Nell'agosto del 2024, gli attivisti del gruppo usarono un furgone carcerario per irrompere nella fabbrica di Elbit a Filton, vicino alla città di Bristol. Quando la polizia intervenne, un’agente, il sergente Kate Evans, fu picchiata così duramente da non essere stata più in grado di guidare, vestirsi o lavarsi da sola. Mentre Evans tentava di ammanettare uno degli attivisti, un altro le assestò un potente colpo alla schiena con una mazza, provocandole un dolore che, come ha ricordato, “si estendeva a tutto il corpo fino alle gambe. All'inizio ero stordita. Non sapevo cosa fosse. Ricordo di essermi guardata intorno e di aver visto l'uomo con la mazza dietro di me.”
Il governo britannico ha infine accolto le crescenti richieste di dichiarare Palestine Action un'organizzazione terroristica nel luglio di quest'anno. La decisione è seguita a un raid alla base della Royal Air Force di Brize Norton, durante il quale gli infiltrati hanno danneggiato due aerei di rifornimento versando vernice nei loro motori. Le successive manifestazioni di protesta contro il divieto governativo che proibisce dichiarazioni di sostegno o solidarietà a Palestine Action, hanno portato a quasi 3.000 arresti. Cavalcando l'onda della pubblicità generata dalle sue azioni, Palestine Action ha ora optato per un'altra tattica sperimentata dai prigionieri dell'Esercito Repubblicano Irlandese (IRA) e dell'Esercito di Liberazione Nazionale Irlandese (INLA) al culmine della campagna di terrore repubblicana irlandese nella Gran Bretagna continentale. All'inizio di novembre, otto dei suoi attivisti incarcerati hanno annunciato l'inizio di uno sciopero della fame.
Al momento in cui scrivo, sei di quei prigionieri sono ancora in sciopero, con i loro sostenitori, in gran parte provenienti dalle fila dell'estrema sinistra, che lanciano quotidianamente avvertimenti sulla loro morte imminente.

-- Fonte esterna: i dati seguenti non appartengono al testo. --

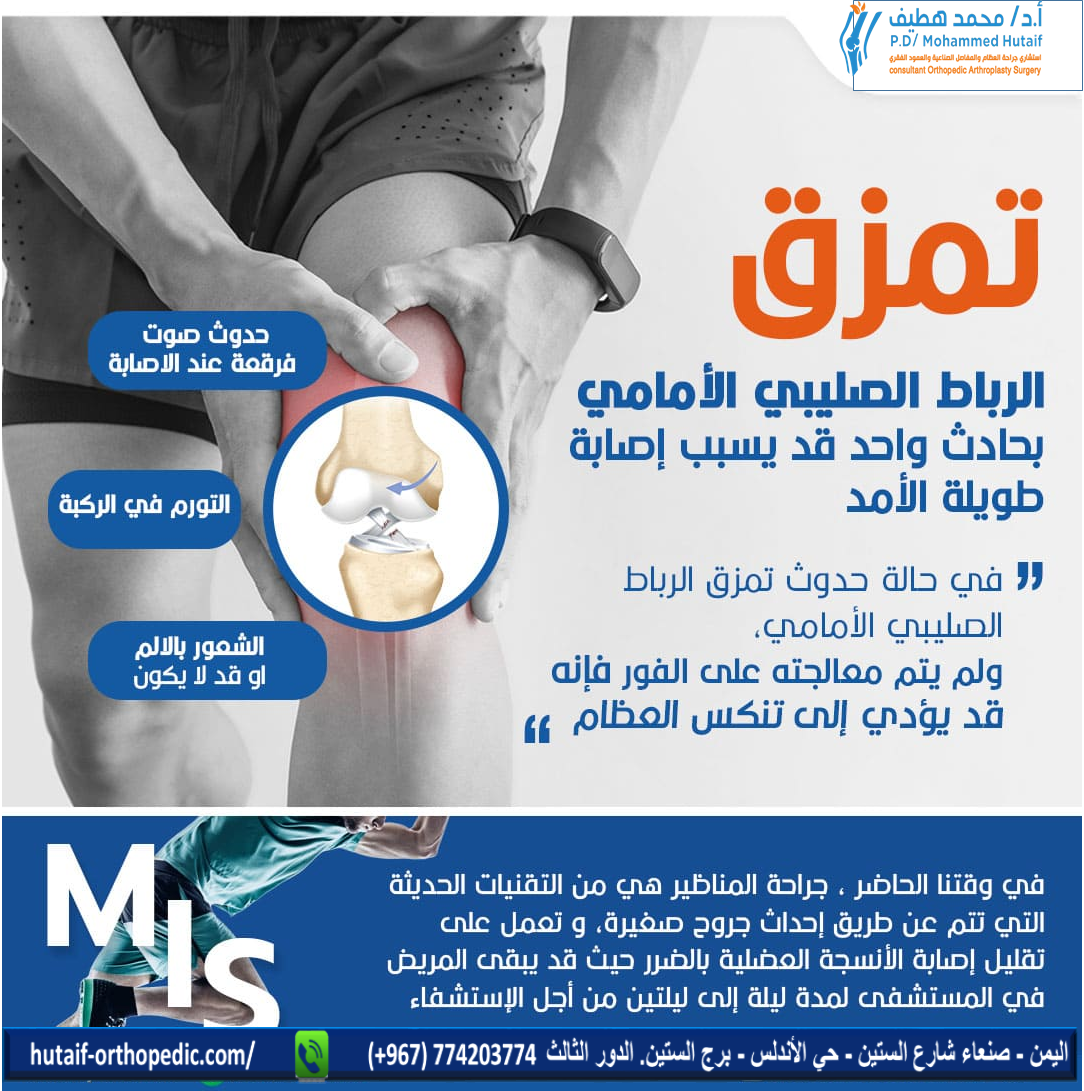 قد يؤدي تمزق الرباط الصليبي الأمامي إلى إصابة طويلة الأمد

Finora, il governo britannico ha mantenuto la sua posizione, rifiutandosi di incontrare le delegazioni dei suoi sostenitori e respingendo le loro richieste, tra cui la revoca del divieto imposto a Palestine Action, oltre alla chiusura delle attività britanniche di Elbit e di altre società israeliane. Nel 1981, il governo conservatore dell'allora Primo Ministro Margaret Thatcher si trovò ad affrontare una situazione simile quando i Repubblicani Irlandesi del carcere di Maze a Belfast dichiararono uno sciopero della fame che alla fine portò alla morte di 10 di loro. La Thatcher si rifiutò di classificare gli scioperanti della fame dell'IRA/INLA come prigionieri politici, che era la loro richiesta principale. In una lettera a quattro parlamentari statunitensi che si opponevano alla sua posizione, la Thatcher respinse l'affermazione che il governo britannico fosse responsabile del loro destino, sostenendo che la responsabilità di eventuali morti “ricade saldamente sulle spalle di coloro che ordinano a questi giovani di suicidarsi per sovvertire le istituzioni in Irlanda, a nord e a sud.” Una logica simile si applica al caso dei prigionieri di Palestine Action. Se i sei attualmente in sciopero della fame dovessero morire, sarebbero loro – e coloro che li sostengono sia nel Regno Unito che all'estero – i responsabili di tale esito, e nessun altro. La disciplina interna che governa le organizzazioni terroristiche, inclusa la richiesta che i membri rischino la propria vita per la causa, illustra la sovrapposizione culturale con le sette religiose e politiche che considerano spietatamente le vite individuali sacrificabili se i loro obbiettivi vengono perseguiti per la causa.
Se il movimento pro-Hamas in Occidente continua a perdere i suoi sostenitori più occasionali, lasciando un residuo di irriducibili a portare avanti la fiaccola, allora è ragionevole aspettarsi che l'attivismo radicale e intriso di terrore che contraddistingue Palestine Action emerga in altri Paesi. Invece delle proteste, i cittadini vedranno la già evidente tendenza alla violenza e al vandalismo farsi molto più acuta. Gli attivisti che aderiscono per farne parte saranno indotti alle stesse fantasie di martirio a cui hanno ceduto i prigionieri di Palestine Action. Nessuno dovrebbe rallegrarsi o gioire per la morte di giovani come questi. Ma allo stesso tempo, non può essere un'opzione accettare il ricatto morale rappresentato dal loro sciopero della fame.